Napoli powiększyło przewagę nad wiceliderem z Mediolanu i to jest zdecydowanie najważniejsza informacja minionej soboty w lidze włoskiej. Druga? Żaden z trzech rozegranych dziś meczów nie zawiódł kibiców. Ba, możemy chyba nawet zaryzykować stwierdzenie, że dzisiaj Serie A była tą z lig, którą oglądało się najprzyjemniej.

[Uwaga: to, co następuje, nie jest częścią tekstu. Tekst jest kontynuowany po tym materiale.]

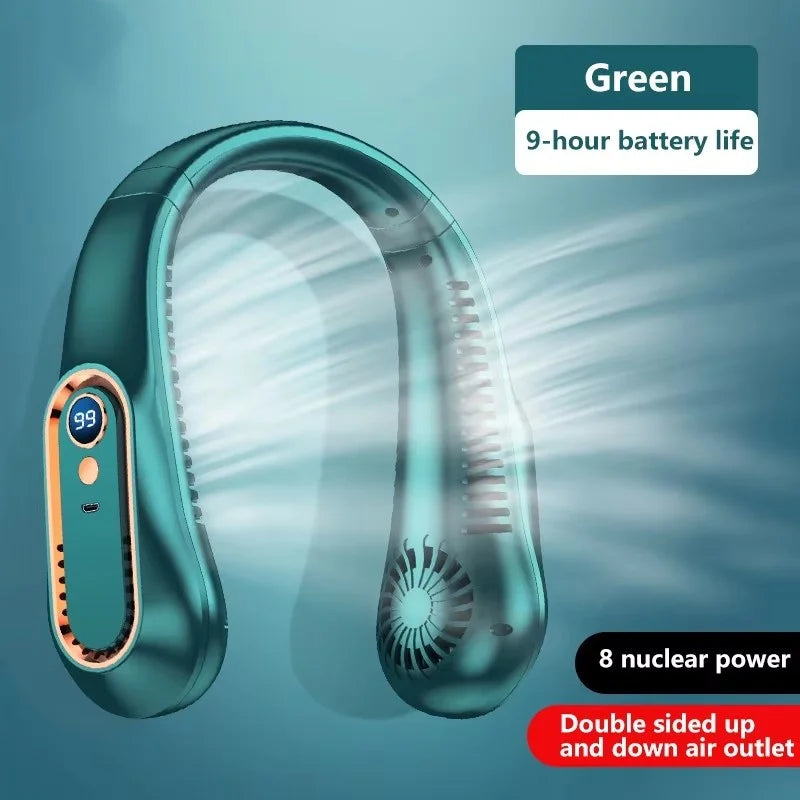 Ventilateur de cou portable avec écran LED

Za taki stan rzeczy odpowiada przede wszystkim Eusebio Di Francesco. Trener Sassuolo, które w zaskakujący chyba nawet dla działaczy i piłkarzy tego klubu sposób, wskoczyło do ścisłej czołówki ligi włoskiej. Do tej pory lekceważeni, dziś mogą przystępować bez większych kompleksów nawet do meczów z najsilniejszymi. Jak się miało okazać – także z liderem z Neapolu. Kto spodziewał się zasieków, autobusów i twardego trzymania tyłów – już po kilku minutach musiał cmokać nad zespołem gości. Sassuolo ruszyło, rzuciło się na gospodarzy, tworząc dwie niezłe sytuacje w pierwszych pięciu minutach. W drugiej z nich po faulu Albiola sędzia podyktował rzut karny, który na bramkę zamienił Falcinelli.
Wyobrażacie to sobie? Niecałe pięć minut gry na boisku lidera i Sassuolo (Sassuolo!) prowadzi 1:0. Oczywiście Napoli szybciutko sprowadziło gości na ziemię, posiadanie piłki momentami sięgało niemal 70% na korzyść lidera, ale… Za ten początek i końcowe dwadzieścia minut, gdy Sassuolo dwukrotnie było blisko wyrównania należą się panu Di Francesco spore brawa. Zresztą, sam fakt, że momentami koledzy z obrony podbiegali do Pepe Reiny gratulując mu intwerencji oraz szał radości po trzecim golu, który na połowie gości świętowała cała drużyna z Neapolu świadczą o tym, że nie był to dla podopiecznych Sarriego mecz łatwy. Aha, kolejne dwa gole wrzucił Higuain, co oznacza, że w tym momencie w 20 meczach Seria A zdobył ich… dwadzieścia.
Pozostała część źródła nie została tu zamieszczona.